The significance of this topic is recognised in Paper P3, Business Analysis with an entire section devoted to project management issues. Given the multipleconstraints of scope, time and cost (Section F1 b), which must be reconciled by a project manager, there are many areas of potential conflict that can threaten the success of a project. Setting the scope of a project is a key activity for the project manager at the outset as different parties will have different priorities for a project.
Managing the potential external conflict between stakeholders requires high order negotiating skills to ensure that there is effective commitment to the project.
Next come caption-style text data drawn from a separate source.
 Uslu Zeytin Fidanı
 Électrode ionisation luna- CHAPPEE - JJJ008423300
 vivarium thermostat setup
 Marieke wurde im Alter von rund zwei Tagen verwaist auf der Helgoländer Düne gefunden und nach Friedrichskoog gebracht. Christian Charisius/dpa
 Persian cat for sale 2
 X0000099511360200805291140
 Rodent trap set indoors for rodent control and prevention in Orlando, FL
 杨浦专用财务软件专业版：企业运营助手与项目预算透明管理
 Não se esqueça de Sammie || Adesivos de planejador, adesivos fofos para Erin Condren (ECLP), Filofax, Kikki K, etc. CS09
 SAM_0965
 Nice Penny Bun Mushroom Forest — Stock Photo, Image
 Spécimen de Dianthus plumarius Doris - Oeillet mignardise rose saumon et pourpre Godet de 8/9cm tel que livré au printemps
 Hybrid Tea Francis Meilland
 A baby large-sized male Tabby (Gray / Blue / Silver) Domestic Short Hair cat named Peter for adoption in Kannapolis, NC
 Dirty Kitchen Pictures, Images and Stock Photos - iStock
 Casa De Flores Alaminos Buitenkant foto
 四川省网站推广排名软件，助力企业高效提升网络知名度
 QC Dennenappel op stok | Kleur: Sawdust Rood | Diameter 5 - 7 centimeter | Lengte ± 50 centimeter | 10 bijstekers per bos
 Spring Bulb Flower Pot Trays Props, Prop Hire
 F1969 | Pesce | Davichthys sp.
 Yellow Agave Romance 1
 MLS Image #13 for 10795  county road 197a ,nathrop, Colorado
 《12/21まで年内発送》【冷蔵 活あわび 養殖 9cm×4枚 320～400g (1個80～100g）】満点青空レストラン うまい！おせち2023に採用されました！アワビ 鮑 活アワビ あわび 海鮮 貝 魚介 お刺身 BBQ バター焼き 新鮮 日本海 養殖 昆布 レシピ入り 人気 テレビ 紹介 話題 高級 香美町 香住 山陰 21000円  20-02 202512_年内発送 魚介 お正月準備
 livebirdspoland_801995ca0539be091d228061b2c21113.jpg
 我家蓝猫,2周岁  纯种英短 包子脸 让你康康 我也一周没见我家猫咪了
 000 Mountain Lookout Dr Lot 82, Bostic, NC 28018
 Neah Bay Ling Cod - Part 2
Ensuring that projects are delivered on time and within budget will require the project manager to be able to identify and manage internal (team) conflict (Section F3 c and d) that can arise when projects extend over lengthy periods of time and where team members have potentially conflicting demands to satisfy.
Accountants in their role as department/section managers, or in the specific role of project manager, need to be skilled at managing conflict. It is widely accepted that an effective manager must use a mix of ‘hard’ and ‘soft’ skills to promote team working to achieve desired outcomes. Mintzberg’s (1973) classification of 10 managerial roles is widely accepted as a useful framework for analysing managerial work. He grouped the 10 roles under the following three headings:
• Interpersonal roles: figurehead, leader, liaison
• Informational roles: monitor, disseminator, spokesman
• Decisional roles: entrepreneur, troubleshooter, resource allocator, negotiator.
Accountancy training is particularly strong in supporting the informational/ decisional roles while the interpersonal roles (plus negotiation) are more difficult to address in the context of conventional approaches to study and professional exams. Team leadership and relationship management, particularly learning how to use conflict to build a team rather than to tear it down, is a subtle skill that can be developed with observation and practice in everyday work situations. Observing how project teams work, and particularly the role of leader, is a very fruitful arena to consider such issues.